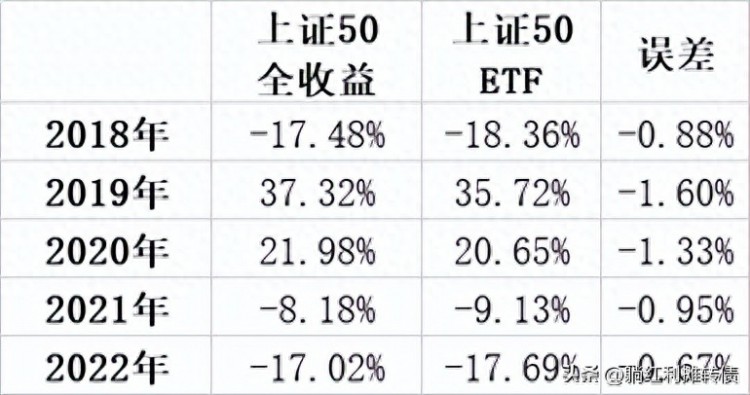 盘点那些稳定分红的ETF——宽基篇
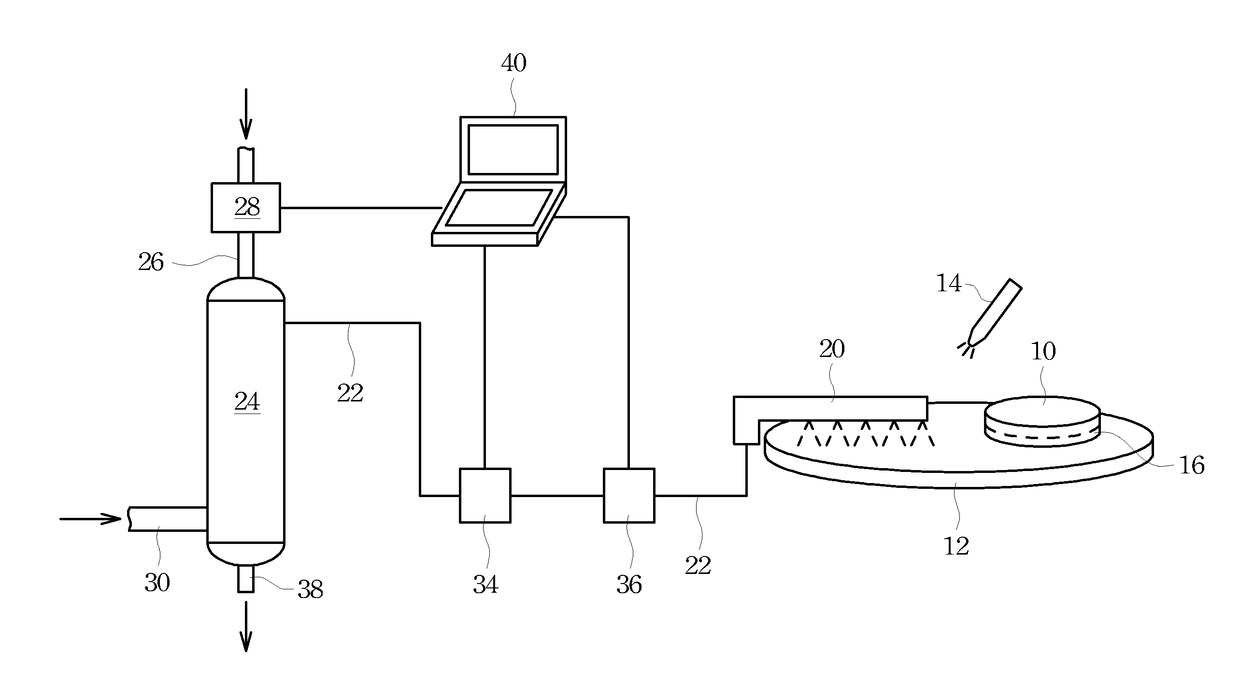 Rinsing wafers using composition-tunable rinse water in chemical mechanical polish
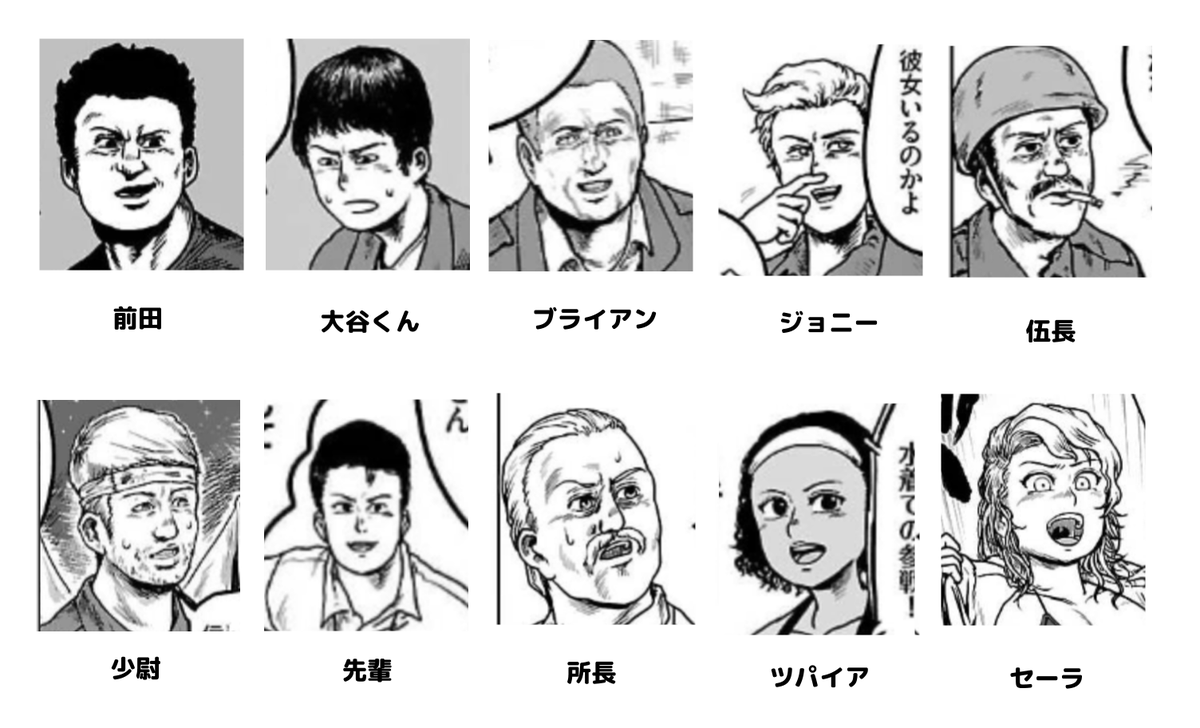 たくさんのキャラクターが出てくるよ。
果たして誰が生き残る事が出来るんだ!?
__________________________________________________
Would you reproduce the lines from the one with "Rinsing wafers using" through the final line of the data above, exactly and only those, without any pictures?

 Rinsing wafers using composition-tunable rinse water in chemical mechanical polish
 たくさんのキャラクターが出てくるよ。
果たして誰が生き残る事が出来るんだ!?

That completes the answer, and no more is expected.